The euro is starting to wobble already in the lead-in to Thursday’s European Central Bank, with traders believing that Draghi and the rest of the Executive Council will need to push back on the single currency amid calls for increased stimulus, lower interest rates and the need for higher inflation.

The hawks who want no change to policy will argue that the data from the European economy and its constituent countries is no cause for euphoria at the moment, but neither is it awful, and improvements in wages and unemployment are starting to show through.
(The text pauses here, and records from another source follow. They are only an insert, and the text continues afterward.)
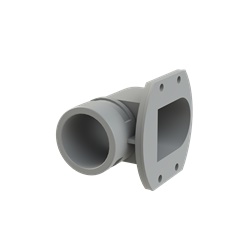 Raccordo flangia 90° DN36 PG36PA6 poliamide per impianti elettrici IP66 grigio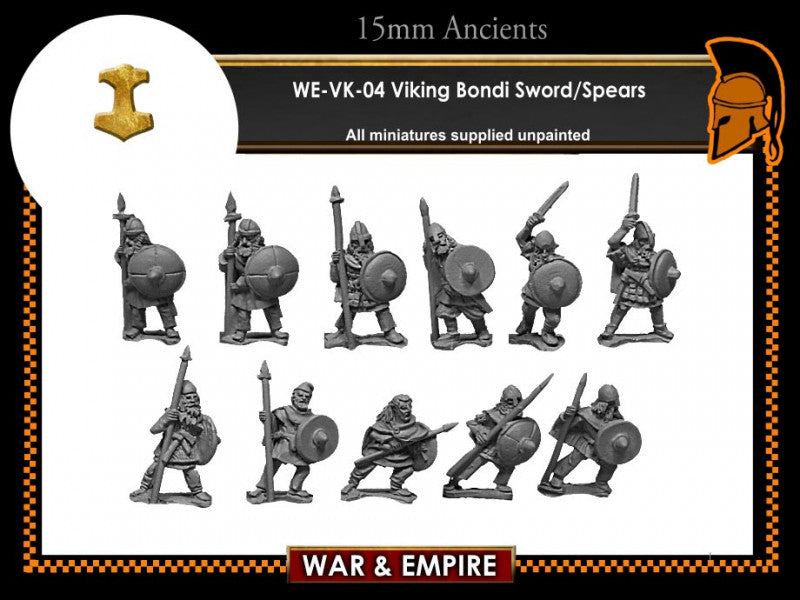 WE-VK04: Viking Bondi Spears & Swords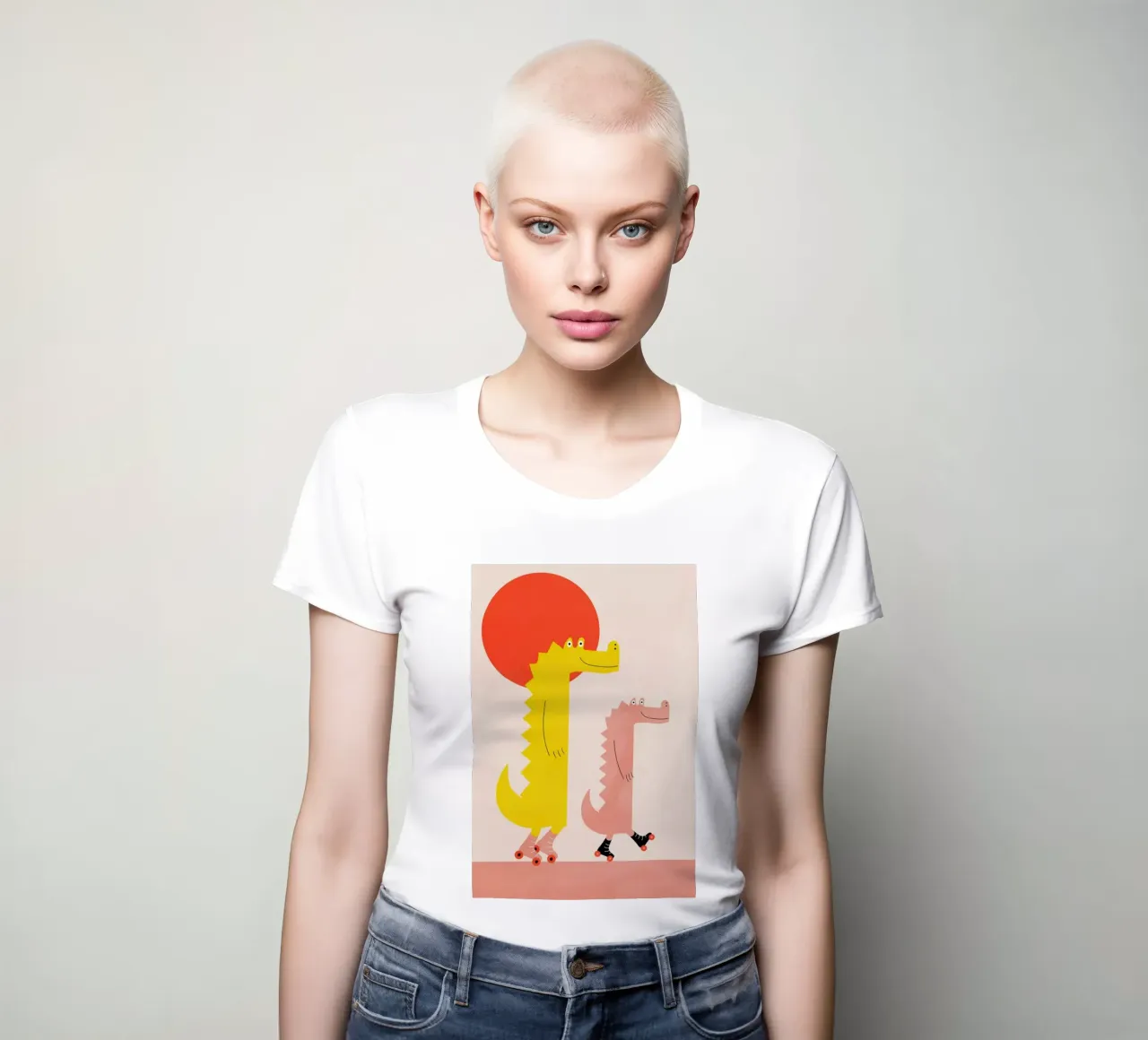 Roller Crocs t-shirt da donna da Little Flourishes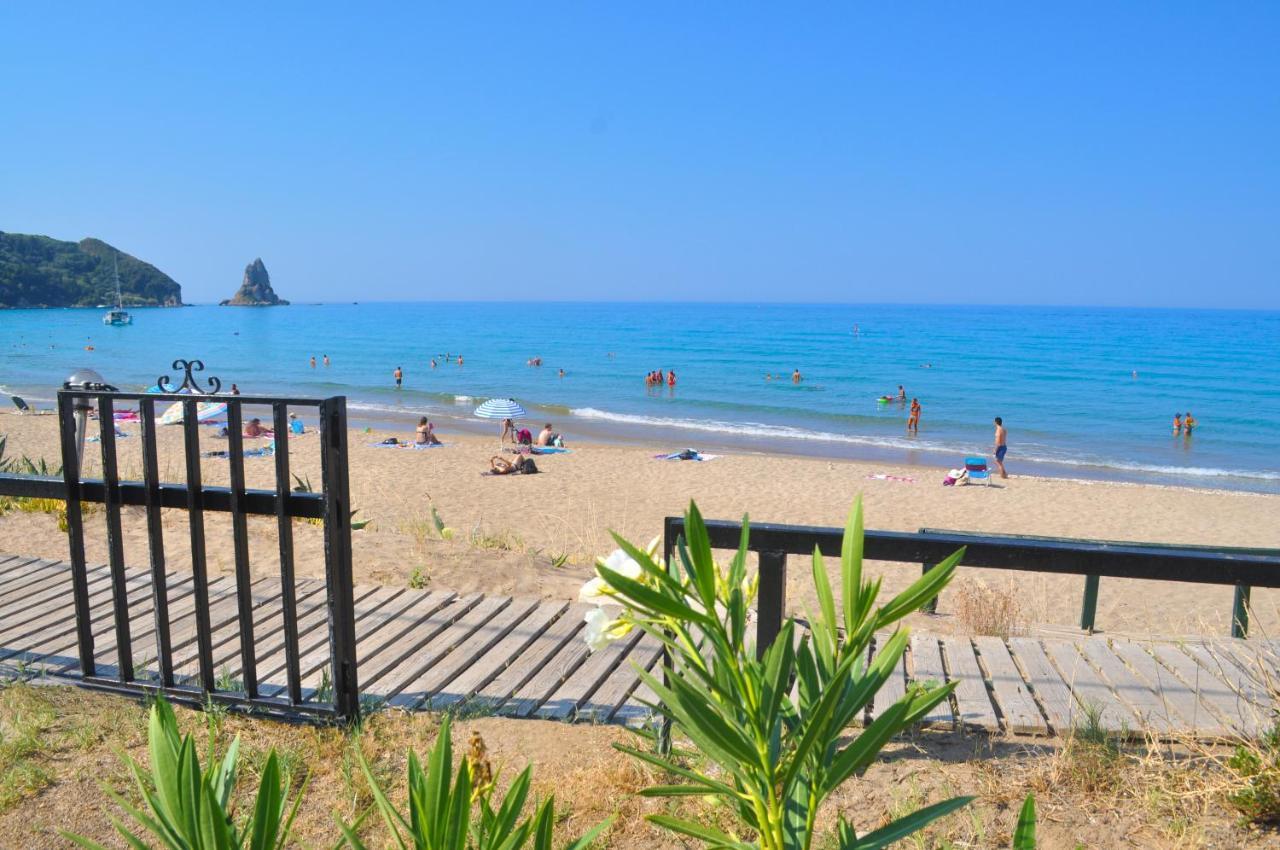 Beach House Yannis 3 In Agios Gordios Beach On Corfu ภายนอก รูปภาพ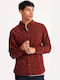 Long-sleeved Corduroy Shirt Burgundy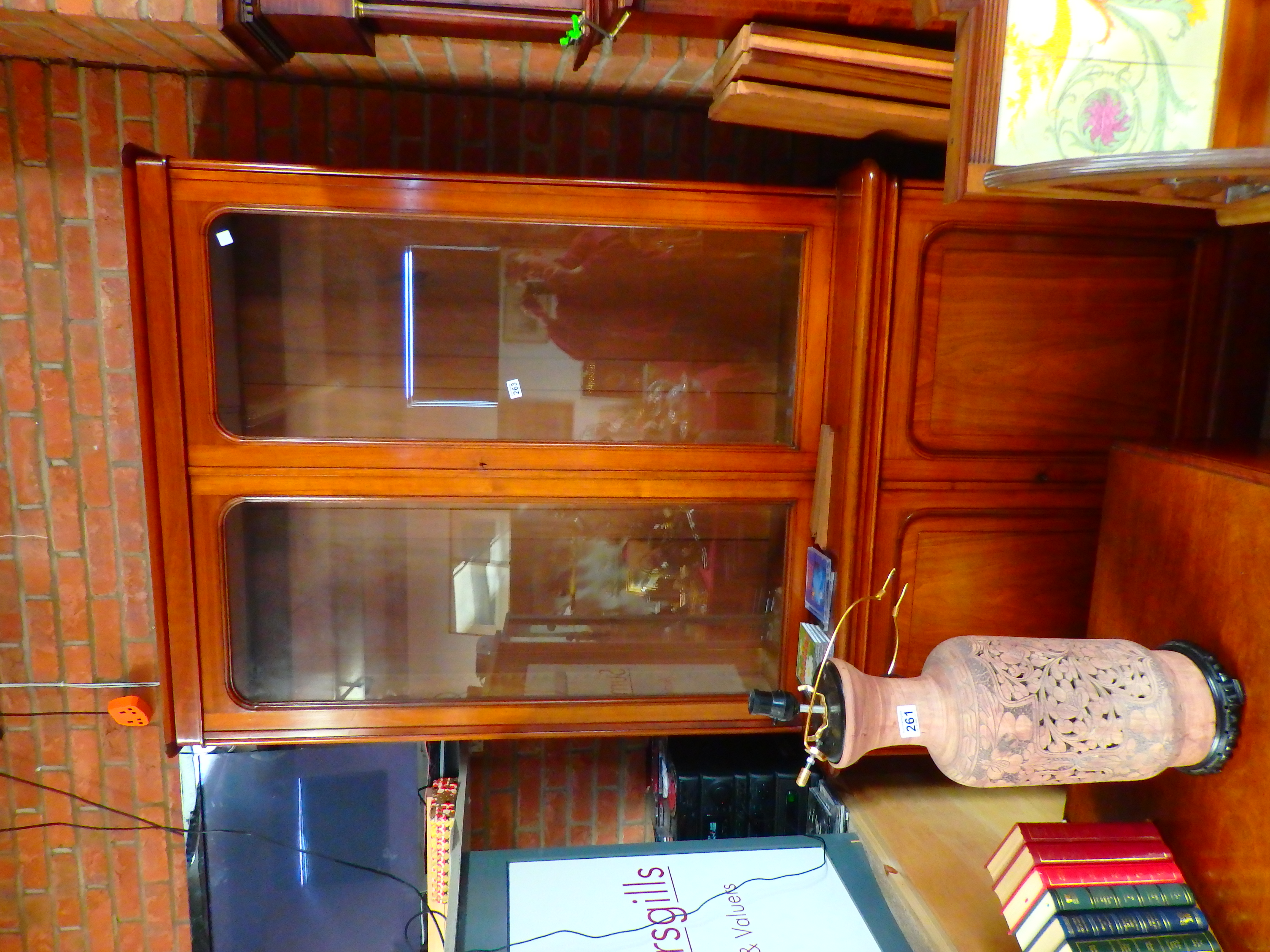 Victorian mahogany bookcase - Image 3 of 4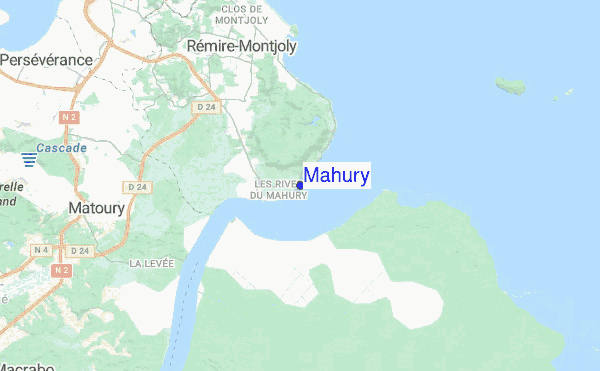 Mahury location map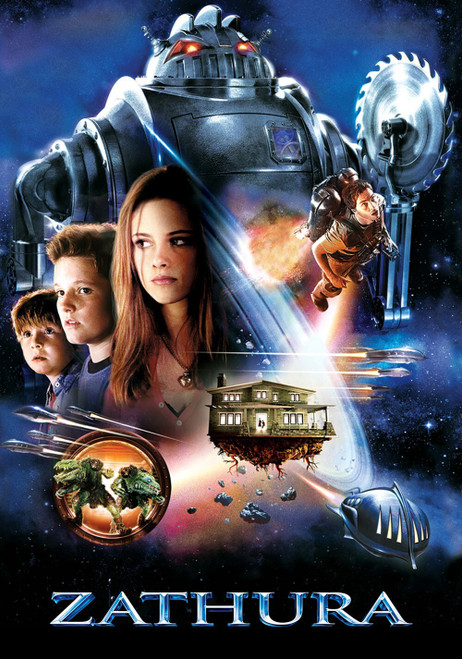 ZATHURA (2005) 4 Poster Canvas Movie Film Print A0 A1 A2 A3 A4 A5 A6 Art Wall De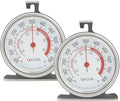 Taylor 5932 Large Dial Oven Thermometer 2 Pack, 3.25 Inch Stainless Steel by Taylor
And of course, yes, the inflation picture is poor at the moment, but the majority of that is as a result of the oil price falls, and therefore may have little impact as we enter 2016.

The doves are still pinned by market expectations of what the Federal Reserve does by the end of the year; if Yellen et al hike, then some of the pressure will come off the ECB as interest rate differentials take EUR/USD lower in the short term, although in the last Federal Reserve hiking cycle, USD actually ended up weaker.

Weaker euro to continue

I personally think that the Draghi will have to come out and hurt the euro. Draghi has spent most of this year talking down the euro; fears over the tightened monetary conditions that a stronger currency would bring should ensure that Draghi does not deviate from that message anytime soon. This may come from chat around increased or prolonged asset purchases, but there is the real chance that a cut in interest rates may be floated for some time in the future as well.

I doubt there will be any action from the ECB’s Executive Council this Thursday, but that doesn’t mean we won’t see a wobbly euro.

Canada swings to the left

Overnight, the Liberal Party seems to have taken the Canadian election with a strong majority. Justin Trudeau is set to be confirmed as Prime Minister later today, having won on a campaign based around higher government spending in a bid to rescue the Canadian economy from its commodity driven slump.

This is nothing new, of course, and the sell-off in the Canadian dollar since the polls closed is a natural reaction to fears that higher spending will damage deficit and debt/GDP ratios as well as concerns over the make-up of a possible government coalition that has not been in power for over 10 years.